Looking for an album for Switzerland stamps.

Starting out collecting the stamps of Switzerland, the best bet for you would probably be the Scott Switzerland Specialty album. The complete kit, including binder, pages, and slipcase is around $209.00. I found a couple internet retailers with them, and their links are below.

Link to Amos Advantage

Link to Subway Stamp Shop

If you get the one from Amos Advantage, Scott’s main distributor, and you register as a member of their site, it is even cheaper. Both of these sites are major retailers and have been in business for decades.

With the Scott albums, there are no mounts on the pages, so you will have to buy your own mounts / hinges for mounting your stamps. Most Swiss stamps will, discounting souvenir sheets, fit into Showgard sizes 24, 25, and 27, so there aren’t that many different sizes of mounts to buy.
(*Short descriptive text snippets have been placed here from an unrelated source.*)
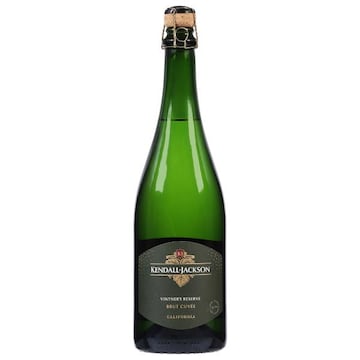 Kendall-Jackson California Brut Cuvee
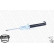 Shock absorber 45009 Monroe, Thumbnail 7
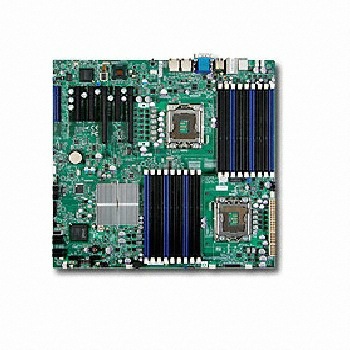 Supermicro X8DTN+-F DS&G_이미지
The Scott albums are fully illustrated and contain spaces for all the major varieties of Switzerland stamps that are listed in the Scott Standard Postage Stamp Catalogue.

Buying blank pages for the album, for specialized material, is much cheaper with Scott Specialty album pages, and they are also available from the retailers above. You can probably get your mounts there, as well. A package of regular sized Showgard mounts is enough to mount about 100 stamps.

Starting out, the American and European made hingeless (with mounts) albums are hundreds of dollars more. With Lindner, Lighthouse, Schaubeck, etc. you have to buy all the page groups, at least three binders, and slipcases separately.

If you want a used album, I noted some Switzerland collections out on eBay in the last couple days, that come with different parts of the Lighthouse album set.

I have acquired a 2 Rappen grey (1862) which appears to have a yellow thread, and I wondered if this was unusual.

There was only one printing of the 2 Rappen imperforate Switzerland stamps of the Seated Helvetia design in July 1862, and like the other “G” Series issues, blue green silk threads were used for them. One with a yellow thread is probably a color-changeling, due to environmental effects and fading. According to Brach, white threads have also been seen on some of the issues.

The Strubels can be very confusing. I’ve read several books in both German and in English, and as many of the experts have differing theses about how these were produced, I found them even more confusing. I haven’t worked on my own Strubels in a long time, but I have mine arranged by Brach. His book has a more logical presentation, the varieties are easier to follow, and it is in English!

I am attaching scans of the 5r stamp I was referring to, both front and back. Unfortunately, margins let it down badly, and I picked it up for very little, thinking it was a 22G in all probability. However the cancel is an early type and the paper is very thin. I would describe the colour as a very deep yellowish brown, but nothing in Gibbons comes close.

I have taken the liberty of attaching a scan of a second stamp which I thought initially was a 24A given the thin paper. However, the vibrant colour leads me to believe it is not, given you describe the colours of the Munich prints as dull. Any ideas?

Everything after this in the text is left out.